ISIC-Archive-Downloader icon indicating copy to clipboard operation
ISIC-Archive-Downloader copied to clipboard

Download k samples of each class

Open pkill37 opened this issue 5 years ago • 3 comments

Right now if you wanted to download k samples of each class (malignant and benign) you would have to manually download the malignants first

python download_archive.py --num-images k --filter malignant

And then in a separate directory download the benigns

python download_archive.py --num-images k --filter benign

Otherwise you'd overwrite some of the images. And because some images will have the same filenames, you have to do some preprocessing to rename them all consistently before merging them together.

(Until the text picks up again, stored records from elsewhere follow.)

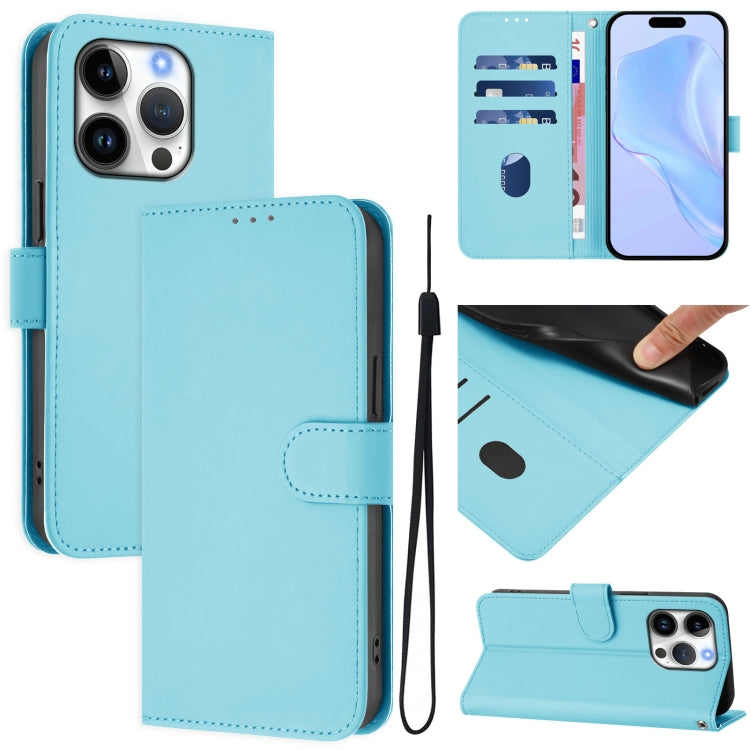 皮膚觸感純色皮革手機殼附掛繩，適用於iPhone 16 Pro、iPhone 16 Plus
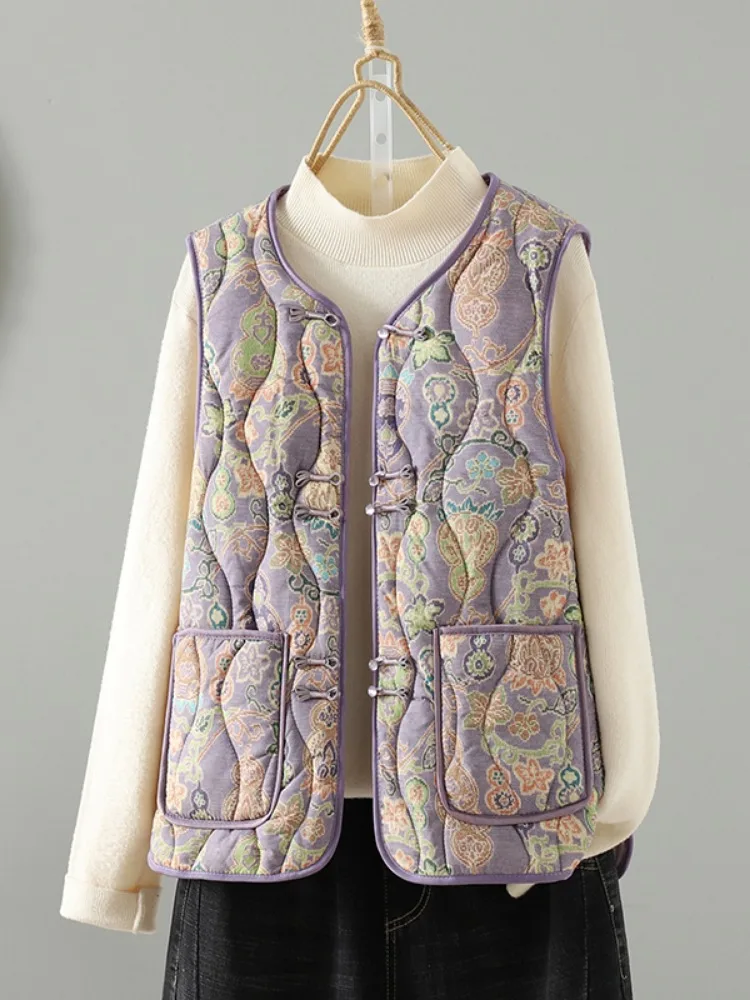 Chinese Style Wave Pattern Printed Cotton Vest Women's Winter Zen Clothes Buttonless Collar Jacket Shoulder Pad Cotton Coat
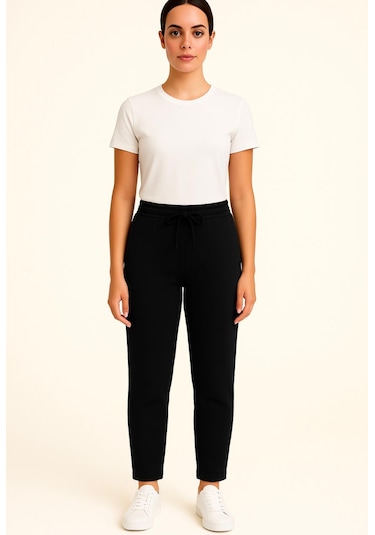 Axxel Kadın Siyah Büyük Beden 3 İplik Şardonlu Eşofman Altı-p2021 Siyah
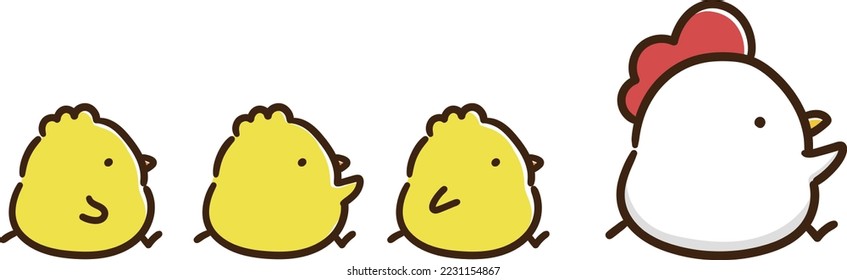 A hand-drawn illustration of a chick and a chicken parent and child walking together, easy to use when the family goes out for trips, shopping, picnics, etc.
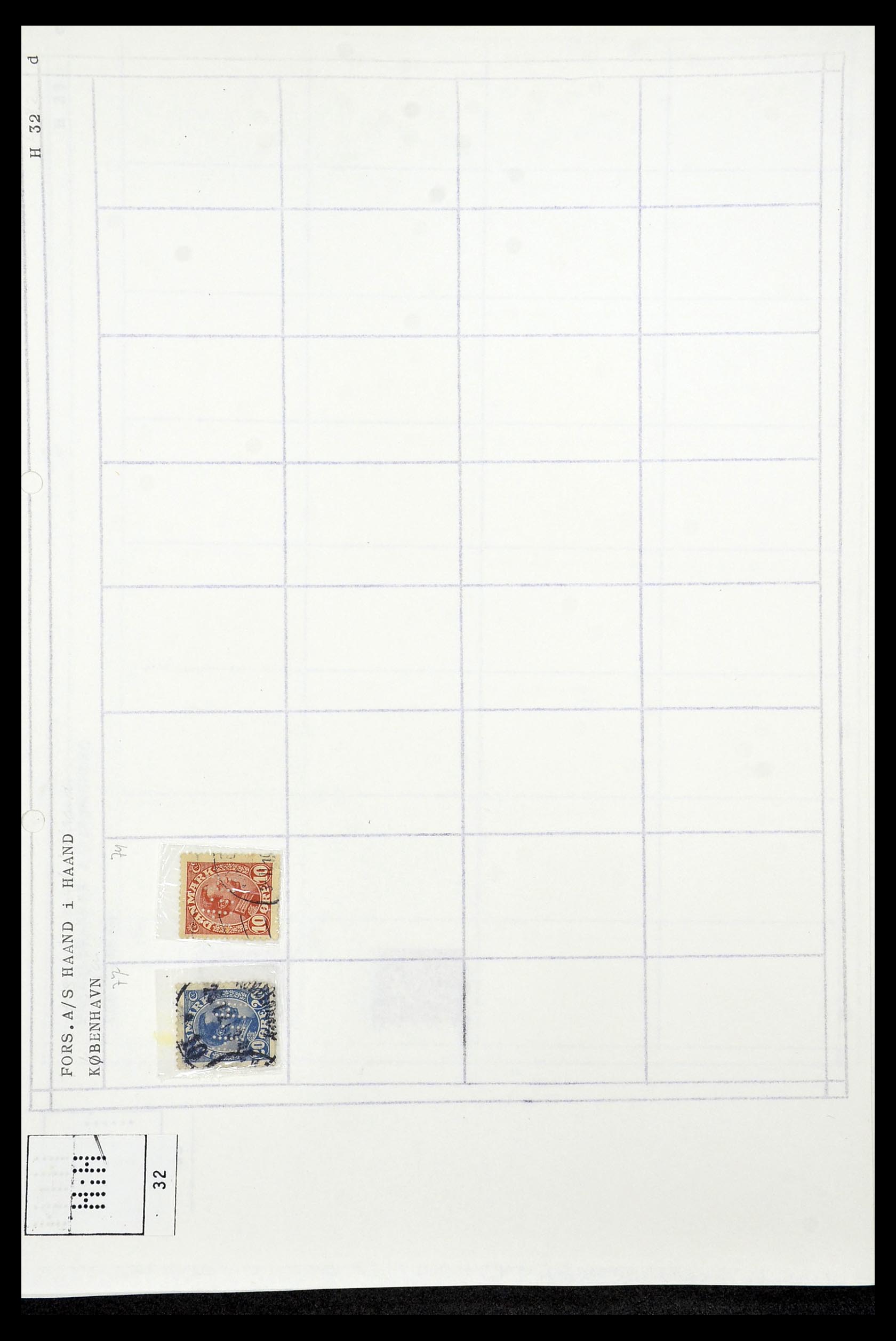 34415 125 - Stamp Collection 34415 Denmark perfins 1875-1980.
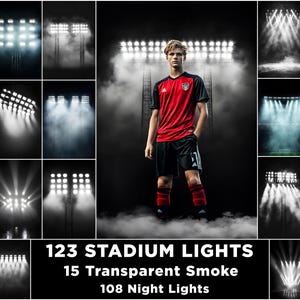 May include: A soccer player wearing a red jersey and black shorts stands in front of a stadium with bright lights. The image includes the text "123 Stadium Lights", "15 Transparent Smoke", and "108 Night Lights".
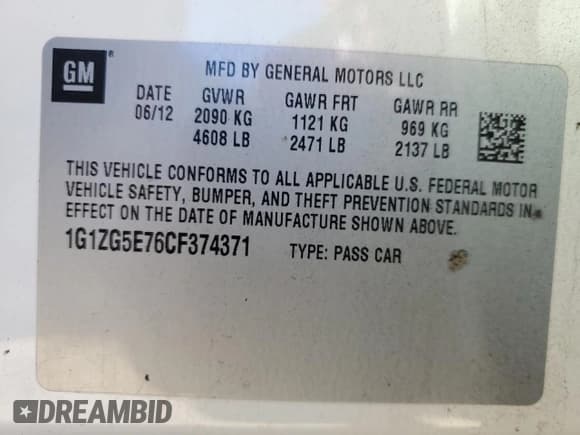 ✅ 2012 Chevrolet Malibu LTZ • VIN: 1G1ZG5E76CF374371 • Lot: 68015294. Wystawiony na Copart z przebiegiem Nie podano. Bezpłatny archiwum sprzedaży aukcyjnych z USA i szczegółowy raport historii pojazdu na DreamBid. Zdjęcie 14.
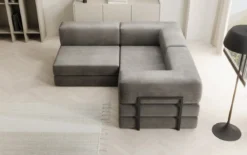 Designer Ecksofa Lazy Mini in Samt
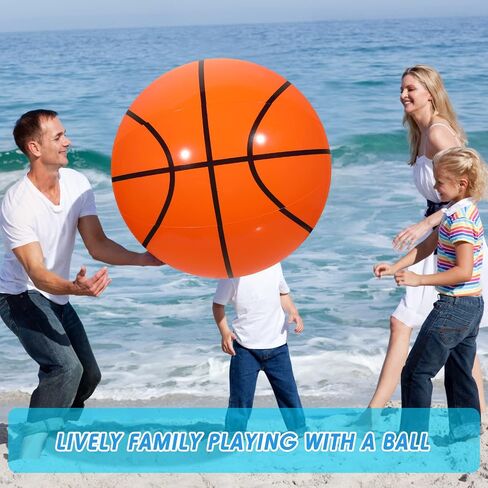 Sosation 4 Pcs Giant Inflatable Beach Ball 30inch Large Baseball Soccer Basketball Football 2.5ft Inflatable Sport Ball for Summer Pool Beach Outdoor Sports Themed Party(Various Style) in Saudi Arabia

It would be nice if the script was able to do this in one go.

pkill37 avatar Feb 01 '19 17:02 pkill37

I quickly realized you can achieve this by doing something like

python download_archive.py --num-images k --filter malignant
python download_archive.py --num-images k --filter benign --offset k

So maybe you can add this to the documentation? I'm sure it's a fairly common use case, because it's very important that classes are balanced in classification problems.

pkill37 avatar Feb 02 '19 14:02 pkill37

Turns out the above does not work because of what I initially explained (which is also similar to the problem in #22). Some of the samples of the first downloaded class will be overwritten by the second. I had to download them to separate folders and carefully rename the sample's filenames so as to effectively merge the data.

If we change how the filenames are chosen, we can kill two birds with one stone.

pkill37 avatar Feb 02 '19 18:02 pkill37

I think that currently the names that the script gives the files are the same names they have in the website. Therefore different files should have different names, even via separate script runs.
Can you show an example for a scenario where two different files are given the same name?

GalAvineri avatar Feb 07 '19 08:02 GalAvineri